Deze tekst heeft de volgende tekst(en) gewijzigd:

1992013272 



Uitvoeringsbesluit(en):



Artikels:

Artikel 1. Artikel 1, 18°, van het ministerieel besluit van 26 november 1991 houdende de toepassingsregelen van de werkloosheidsreglementering, ingevoegd bij het koninklijk besluit van 23 november 2000, wordt vervangen door de volgende bepaling :
  "18° artistieke activiteit : de creatie en/of uitvoering of interpretatie van artistieke oeuvres in de audiovisuele en de beeldende kunsten, in de muziek, de literatuur, het spektakel, het theater en de choreografie;".
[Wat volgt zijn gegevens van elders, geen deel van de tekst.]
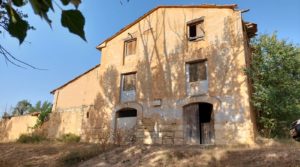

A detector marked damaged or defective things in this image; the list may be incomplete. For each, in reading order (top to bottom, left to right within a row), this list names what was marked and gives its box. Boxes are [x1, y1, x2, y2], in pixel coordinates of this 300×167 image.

peeling plaster wall [0, 115, 37, 143]
peeling plaster wall [52, 6, 255, 145]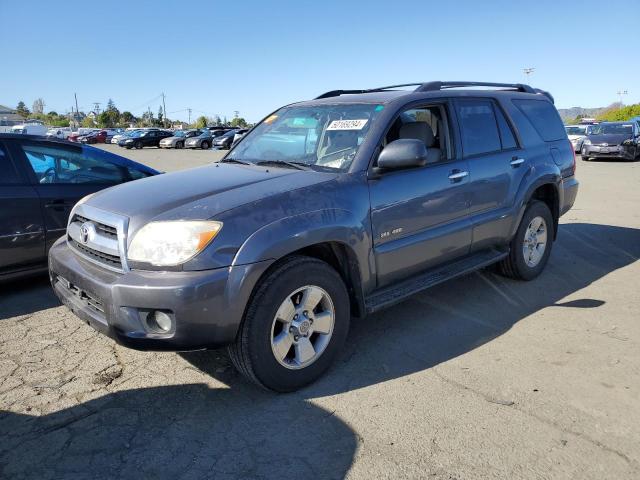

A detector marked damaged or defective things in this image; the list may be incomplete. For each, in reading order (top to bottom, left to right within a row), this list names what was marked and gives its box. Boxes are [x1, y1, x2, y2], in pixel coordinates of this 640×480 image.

Art.2. Artikel 10 van hetzelfde besluit, vervangen bij het ministerieel besluit van 20 juni 1997 en gewijzigd bij het ministérieel besluit van 30 november 2001, wordt vervangen door de volgende bepalingen :
  "Art. 10. Voor de werknemer die artistieke activiteiten heeft verricht tijdens de referteperiode die van toepassing is en wanneer deze activiteiten vergoed werden met een taakloon, wordt het aantal in aanmerking te nemen dagen bekomen door het voor deze tewerkstellingen ontvangen brutoloon te delen door 1/26 van het refertemaandloon bedoeld in artikel 5 van dit besluit.
  Het overeenkomstig het eerste lid bekomen aantal arbeidsdagen wordt per kwartaal beperkt tot een aantal arbeidsdagen gelijk aan (n x 26) vermeerderd met 78.
  Voor de toepassing van het vorige lid stemt n overeen met het aantal kalendermaanden gelegen in het kalenderkwartaal in de referteperiode, waarop de in het eerste lid bedoelde activiteiten die onderworpen werden aan de sociale zekerheid van de loontrekkenden, betrekking hebben.
  Voor de toepassing van het eerste lid dient te worden verstaan onder taakloon, het loon dat door een werkgever wordt betaald aan de werknemer die een artistieke activiteit heeft verricht wanneer er geen rechtstreeks verband is tussen dit loon en het aantal arbeidsuren waaruit deze activiteit bestaat.".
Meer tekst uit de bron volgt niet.